O calendário marcava 12 de Outubro de 1972, quando Abba Giuseppe Detomaso aterrou pela primeira vez na Etiópia. Tinha 30 anos. Chegou cheio de sonhos para permanecer no país durante meio século. «O meu sonho? Queria ir para uma missão, juntar-me aos missionários lá presentes; descobrir as coisas boas do povo Sidamo, estudar a sua língua e cultura e participar da sua vida», recorda.

Dias depois, foi para Sul para um primeiro contacto com as missões combonianas na província de Sidamo. No final do ano, mudou-se para Adis-Abeba, a capital, para frequentar o curso de amárico numa escola protestante.

Em Janeiro de 1974, Abba Giuseppe foi colocado em Dilla. Começou a abrir catecumenatos e escolas primárias. Em Dilla, administrou os primeiros baptismos e entregou os primeiros boletins escolares.

Em 1975, o imperador Haile Selassie foi destronado pelos militares que impuseram o Derg, um regime comunista que duraria até 1991. «O novo regime não trouxe sérios problemas às nossas missões, porque estávamos a trabalhar com os pobres, embora o perigo de expulsão fosse real», admite Abba Giuseppe.

Em Janeiro de 1976, juntou os seus parcos pertences e mudou-se para Arramo. Os missionários viviam numa barraca muito pobre sem água corrente nem electricidade, infestada de ratos e formigas, expostos à curiosidade de quem passava. Abba Giuseppe, entretanto, dedicou-se a aprender guedeo, a língua local.

A vida é feita de mudanças

Em 1986, o superior provincial pediu a Abba Giuseppe que deixasse as colinas verdes de Arramo e Galcha e se mudasse para a cidade de Hawassa, junto ao lago que lhe deu o nome, para dirigir a Escola Primária Comboni.

Foi uma obediência difícil. A escola tinha cerca de 2000 alunos desde o jardim-de-infância até à oitava classe. Era uma realidade complexa com 20 turmas, 30 professores e três turnos de ensino: manhã, tarde e noite. Contudo, o bom clima de diálogo com os professores, construído com base na confiança mútua e no esforço de ensino qualificado, granjeou uma boa reputação para a escola. Nesses dias, aos fins-de-semana, Abba Giuseppe fazia trabalho pastoral na cidade e nas capelas dos arredores.

Após sete anos a dirigir a escola primária e celebrando as bodas de prata sacerdotais, foi-lhe oferecido um ano sabático.

De volta à Etiópia, Abba Giuseppe é colocado na paróquia de Dongora.
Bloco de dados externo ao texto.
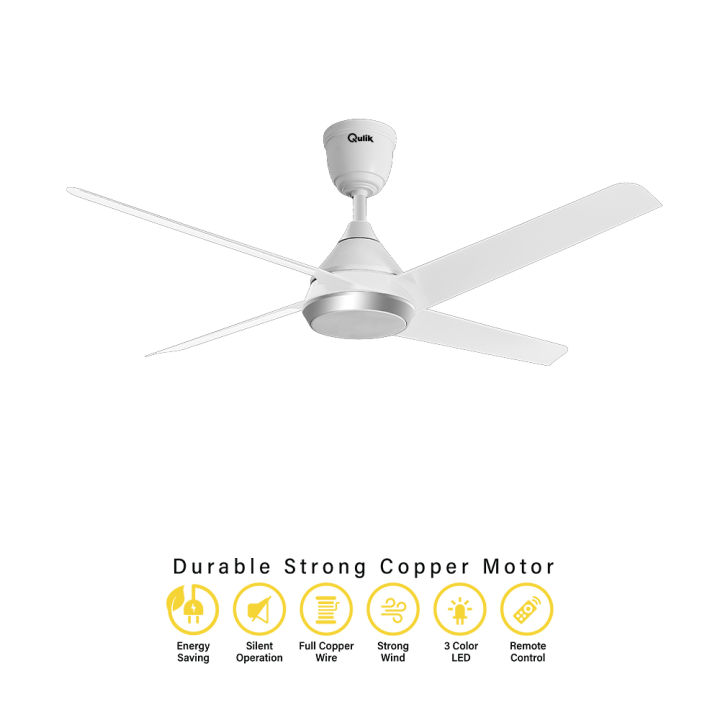 Qulik%20Alpha%20Edge%204B%2053"-%20Decorative%20Energy%20Saving%20BLDC%20Remote%20Control%20Ceiling%20Fan%20(Parle%20White)%20%7C%20Q-6576-PW%20%20%7C%20Free%20Delivery%20-%20Image%202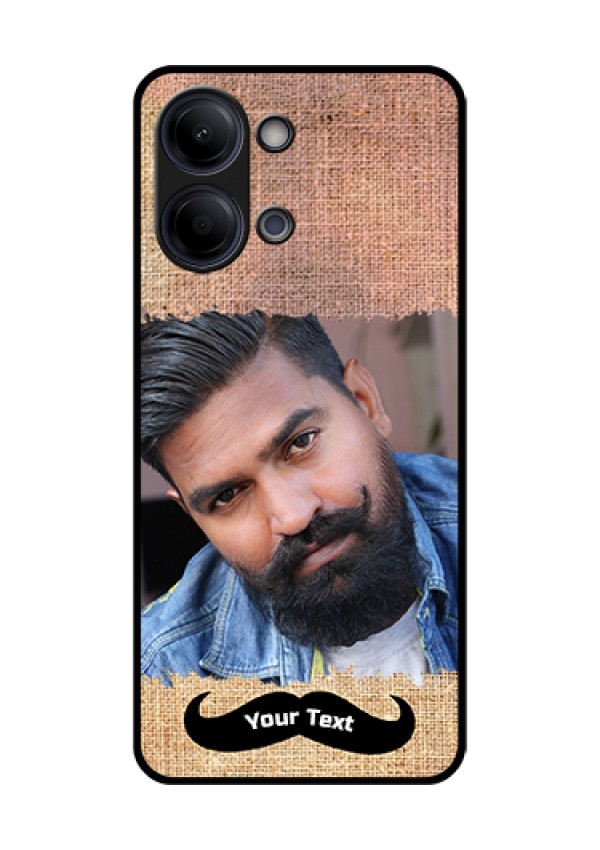 Vivo Y21 5G Custom Glass Phone Case - With Texture Design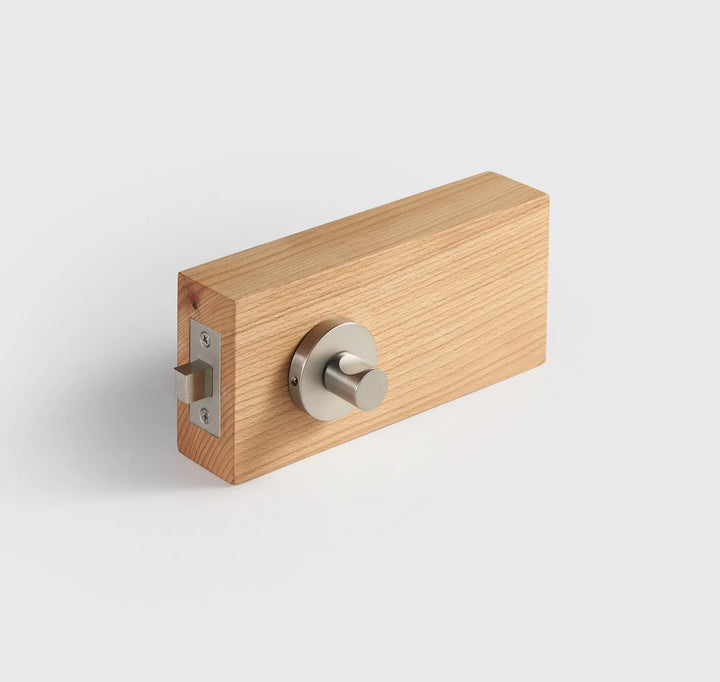 SENTRO Bathroom Thumb Turn Lock, Premium-quality solid brass construction, Ideal for bathrooms, WCs, privacy rooms, and meeting spaces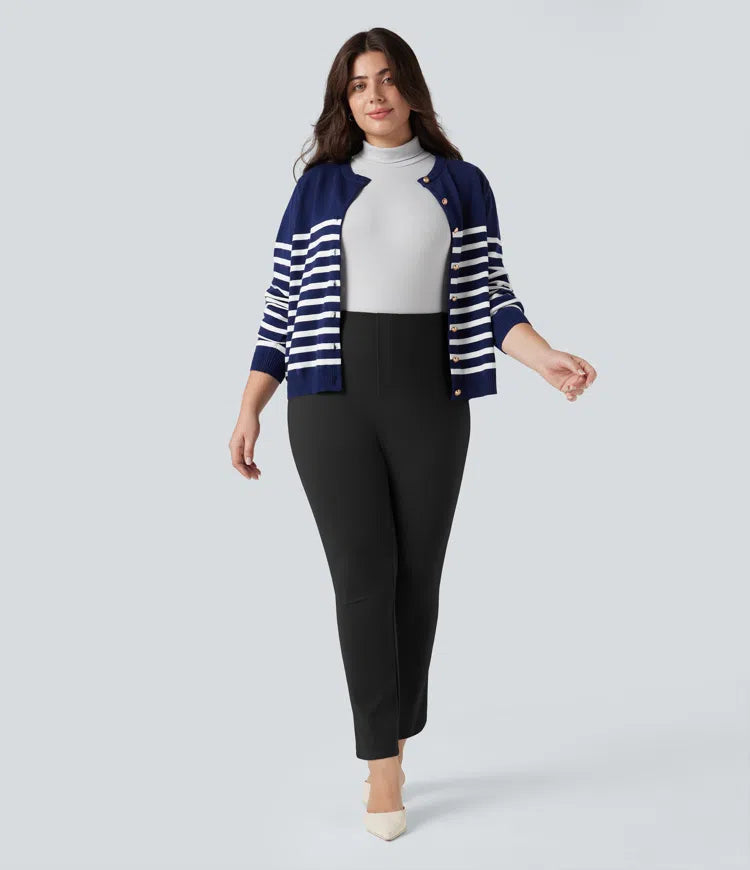 Halara Flex High Waisted Tapered Work Plus Size Pants with Pockets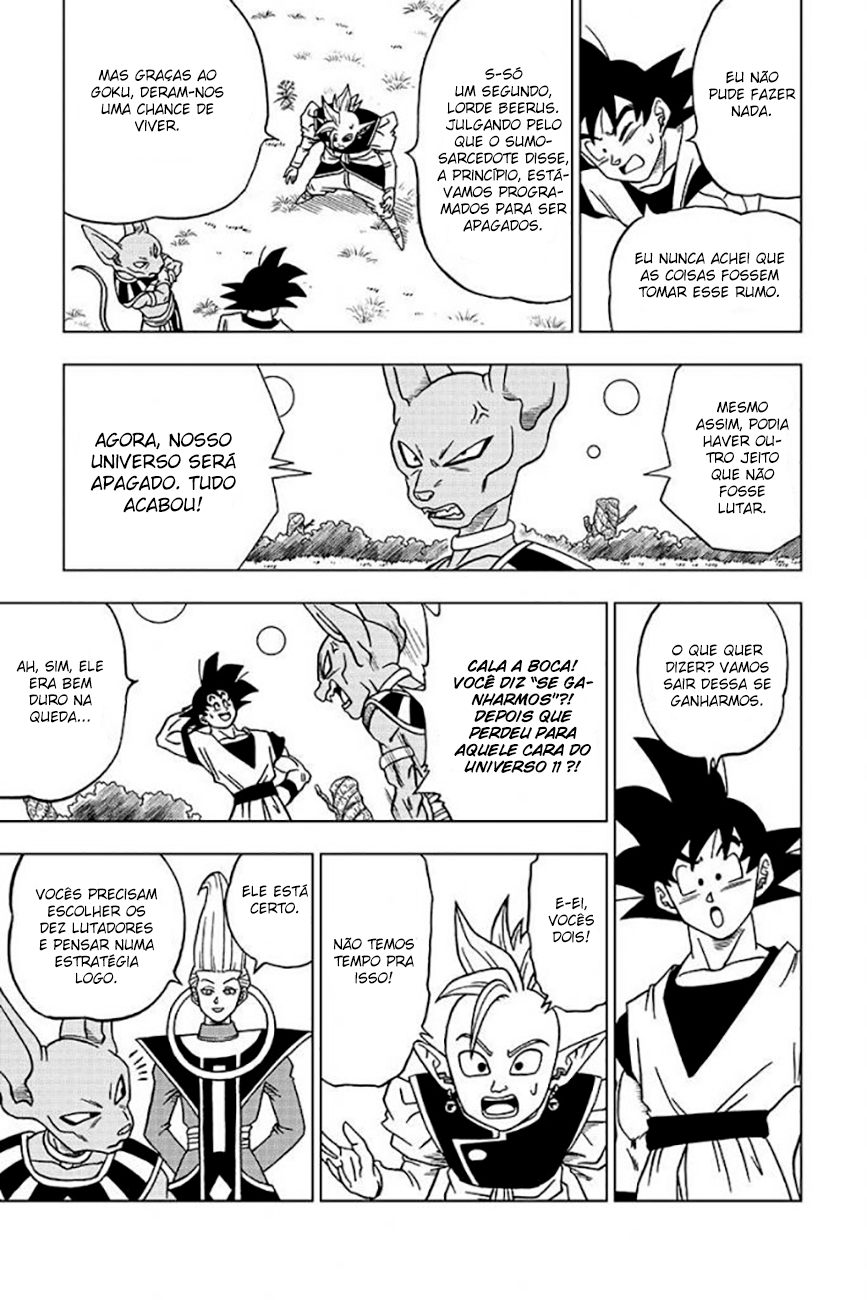 Read Dragon Ball Super pt_BR Manga Online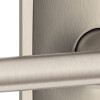 Schlage Broadway Passage Lever, Satin NICKEL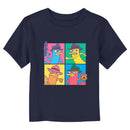 Toddler's Phineas and Ferb Perry the Platypus Colorful Portraits T-Shirt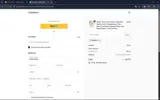 SANDY10 coupon verification screenshot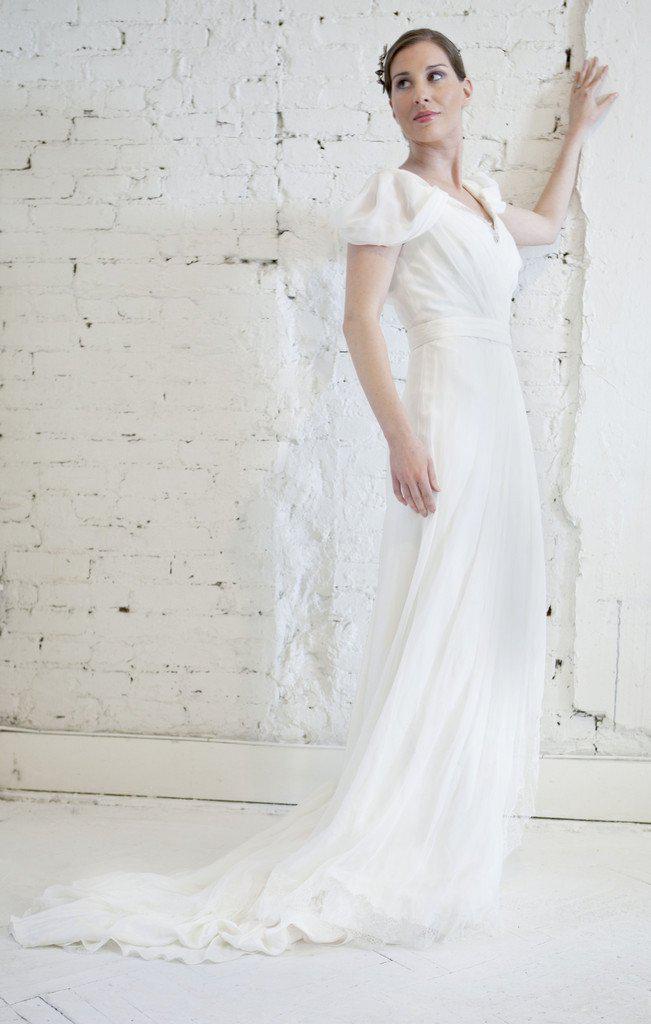 alberta ferretti wedding dress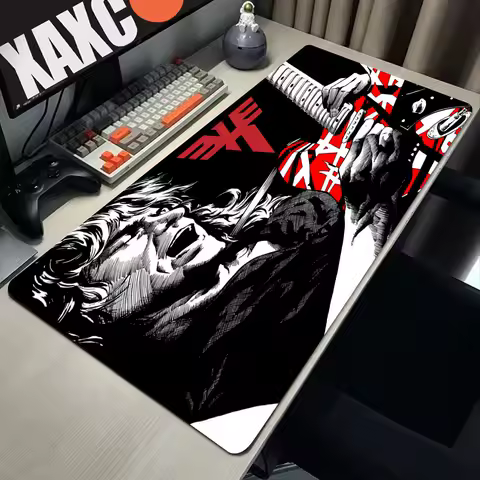 Eddie Van Halen Graphic Guitar Mouse Pad Mouse Pad Cute HD Desk Pad Extended Gaming Keyboard Mats Large XXL Gamer Mousepad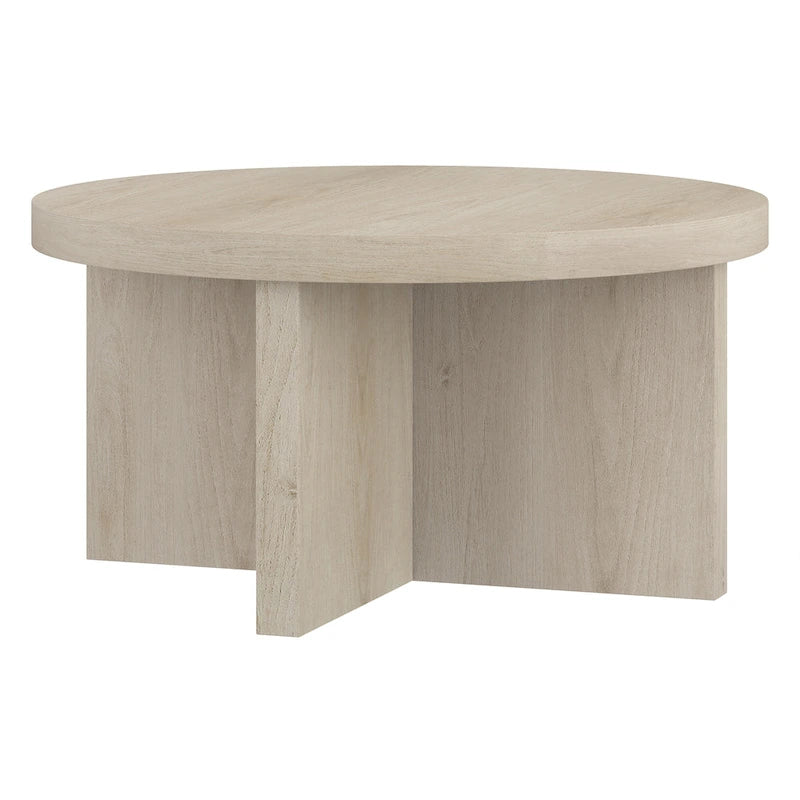 33 Wide Round Coffee Table - 33 Wide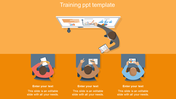 Creative Training PPT Template Presentation Designs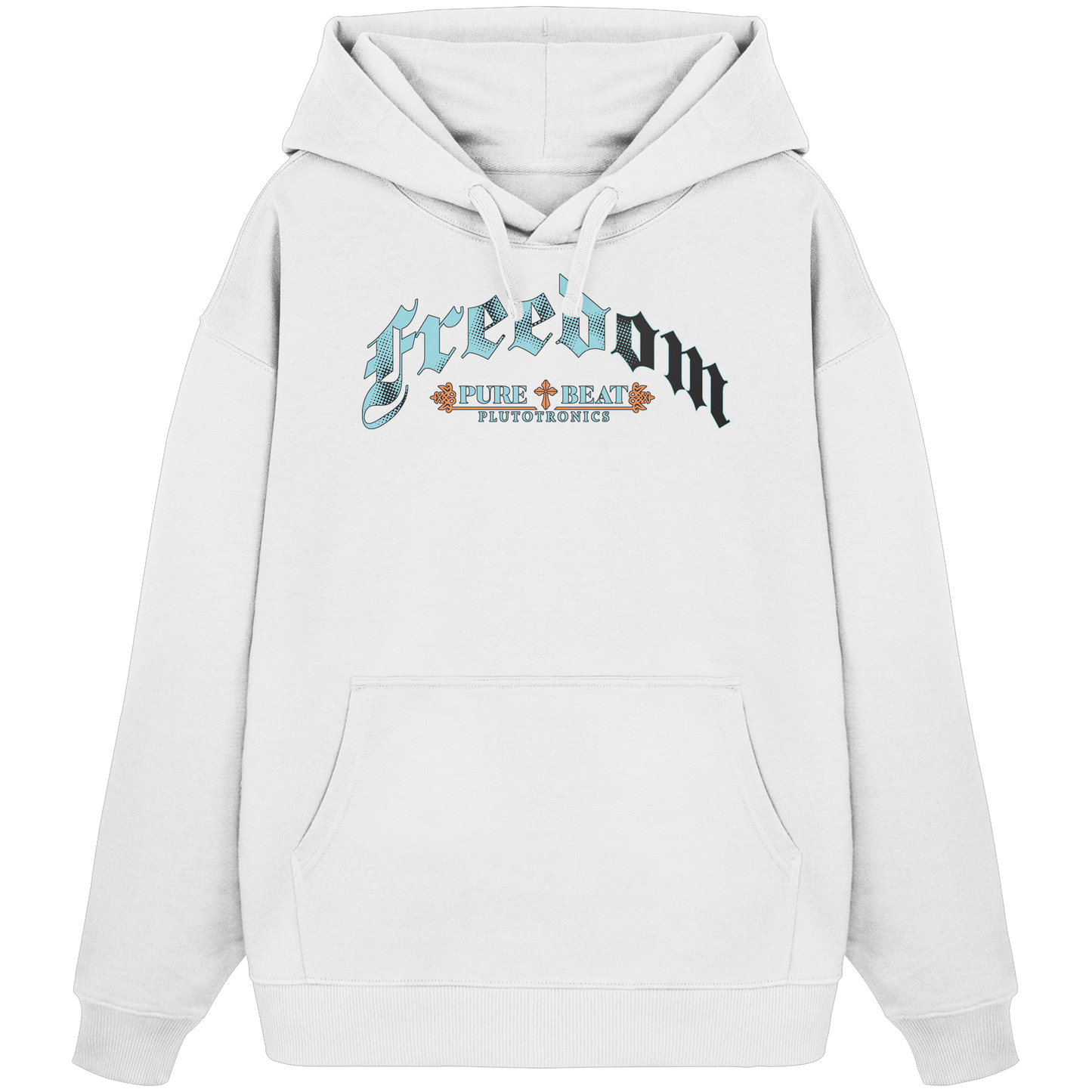 UNBROKEN FREEDOM FREQENCY - Backstage Hoodie (Backprint)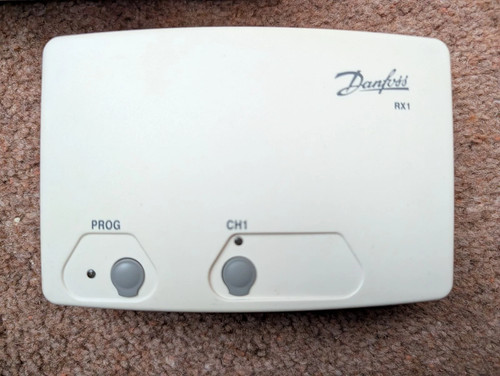 Danfoss rx1 wireless receiver - danfoss,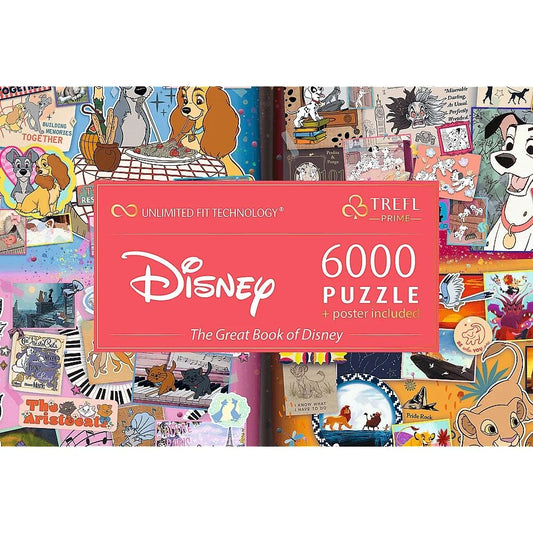Puzzle Trefl 6000 piese - Marea Cartea lui Disney cu Poster - Default Title (5) [ps:147eca2c-7fc9-4744-a0d5-99d99add53f0]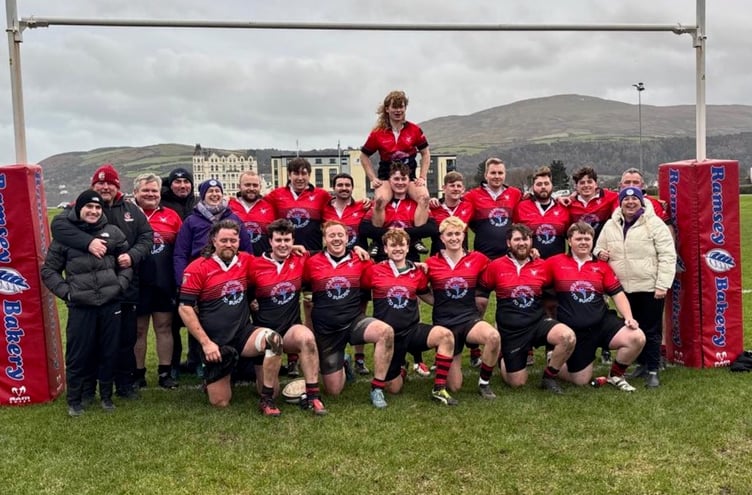 Ramsey RUFC take on Orrell in Counties Three ADM Lancs/Cheshire this weekend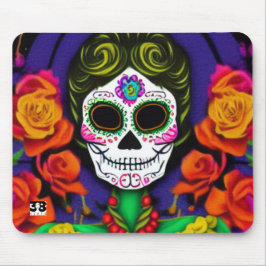 Mousepad Dia dos Mortos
Para desenvolver o trabalho pastoral, criou uma equipa com os três melhores catequistas escolhidos pelo seu empenho e melhor educação. Foram formados para serem os seus colaboradores mais próximos e supervisores das actividades pastorais.

Na cidadezinha de Chukko, abriu uma escola de costura e um infantário. Também construiu uma bela igreja com vista à criação de uma nova paróquia.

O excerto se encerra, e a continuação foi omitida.